It’s been said many times, by many security pundits over the last few years: “identity is the new perimeter”, “identity is the new firewall” and strong identity authentication is a cornerstone of a Zero trust strategy. And certainly, Azure Active Directory (AAD), as Microsoft’s central identity directory has been adapting more and more security features over the last few years, and indeed AAD is one third of Entra.
The second part is Microsoft Entra Permissions Management (MEPM? EPM?), based on the recent CloudKnox acquisition and finally, there’s Microsoft Entra Verified ID for decentralized identities.
Let’s dig into what each of these offers and why you should consider using them.
Incidentally, if you’re wondering about the name, it’s an allusion to Entrance / gaining entry and it ties in with two other name changes a little while ago – all the privacy-focused services in Microsoft 365 are now under the “Priva” name and all the compliance features are under the Purview name.
Microsoft Entra Permissions Management
This cloud-based service is a Cloud Infrastructure Entitlement Management (CIEM) solution.
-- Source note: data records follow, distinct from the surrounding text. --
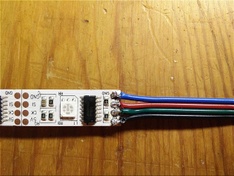 LED-strip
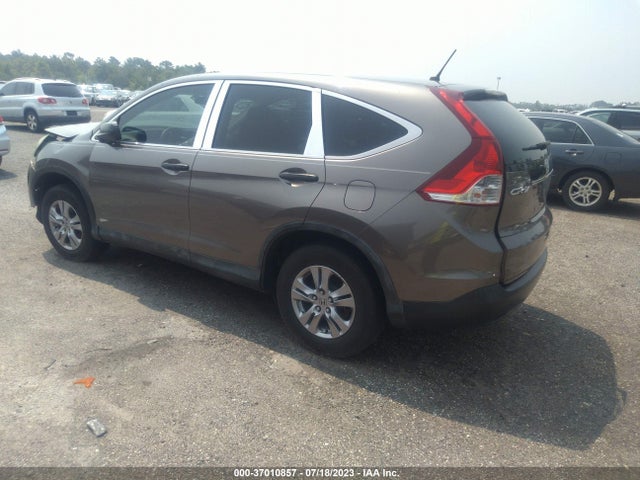 Honda CR-V LX 2014 5J6RM3H38EL003790 Image 3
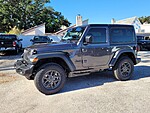 New 2026 JEEP WRANGLER SPORT S 2 DOOR 4X4 in NEW PORT RICHEY, FLORIDA (Photo 3)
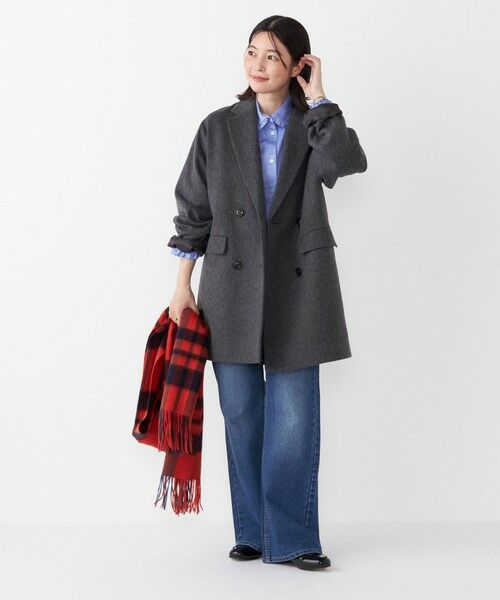 SHIPS / シップス その他アウター | SHIPS Colors:SUPER100 テーラード コート◇ | 詳細8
It’s multi-cloud and can be connected to Azure’s, AWS’s and GCP’s cloud identity and permissions systems. The basic premise is that there are so many permissions (40,000 across the three clouds according to Microsoft) that it’s impossible to track them manually to ensure that each assignment is privileged. Instead, EPM (I’m going to stick with that) gives you a Permissions Creep Index (PCI), showing you the difference between assigned permissions and used permissions for each user account, workload, or group. You can then easily right-size permissions to exactly the ones required, lowering the gap between assigned and used permissions. There’s also an option to request permissions for those one-off situations where an administrator needs higher permissions for a particular task.
Currently, EPM is in public preview, and you can try it out by following the instructions here.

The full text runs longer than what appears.